A total of 122 faecal samples were collected from 61 subjects. The Mean(SEM) EN intake for the four groups was EEN: 100(0), CEN: 85.6(0.5), PEN: 50.1(0.4), MEN: 19.9(0.2) % of total energy intake. The baseline levels of all faecal sample measures were no different between the four groups. Faecal water content, propionic acid and Bristol Stool Chart Score significantly decreased only during EEN (all p≤0.03). Faecal pH significantly increased during EEN, CEN and PEN (all p < 0.001), but not during MEN (p = 0.728). Faecal pH post-intervention was highest for EEN, followed by CEN and PEN [Mean(SEM), EEN: 8.2(0.1); CEN: 7.8(0.2); PEN: 7.3(0.1), all pairwise p ≤ 0.002]. The faecal concentration of hydrogen sulphide, acetic and butyric acid significantly decreased following both EEN and CEN groups (all p ≤ 0.009).

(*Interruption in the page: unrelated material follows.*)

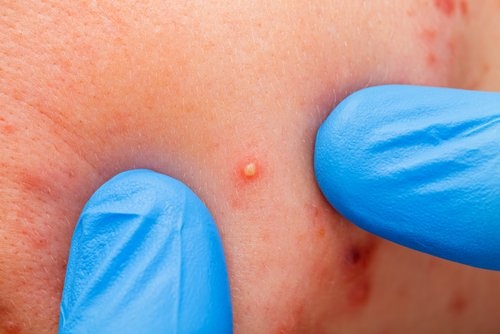 Acne é uma doença de pele comum
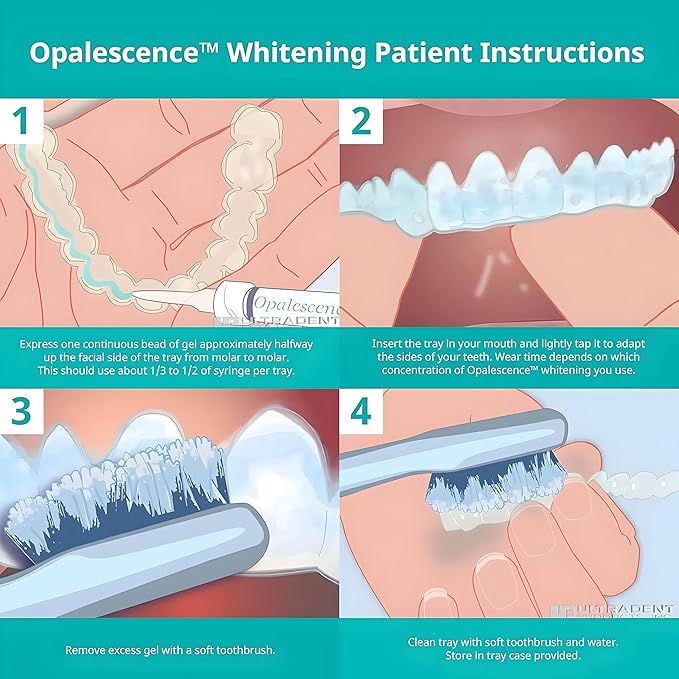 Opalescence 20% Teeth Whitening Refill Kit (4 Syringes) Carbamide Peroxide. Made by Ultradent, in Mint Flavor. Tooth Whitening Refill Syringes - B-5196-4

The concentration of acetic acid post-EEN was significantly lower than the concentration post CEN [Mean(SEM), EEN: 173(10); CEN: 261(24) μmol/g, p = 0.001]. Hydrogen sulphide and butyric acid concentrations post EEN and post CEN were unchanged (p = 0.337, p = 0.141).

Conclusion

EEN extensively modulates faecal microbial metabolites and CEN induces similar effects. PEN induces variable effects and further analysis should investigate if variation in responses reflects differences in the non-EN food intake of the participants (50%). MEN had no effect on faecal microbial metabolites. Further analysis including high-throughput deep sequencing techniques will provide additional information about the dose-dependent effect of EN regimen on gut microbiome composition.

References

1. Quince et al., Am J Gastroenterol, 110:1718–1729.

2. Logan et al., Aliment Pharmacol Ther, 2019;50:664–674.

3. Gupta et al., IBD, 2013;19:1374–1378.

4. Duncan et al., BMC Gastroenterol, 2014;14:50.

5. Lee et al., IBD, 2015;21:1786–1793.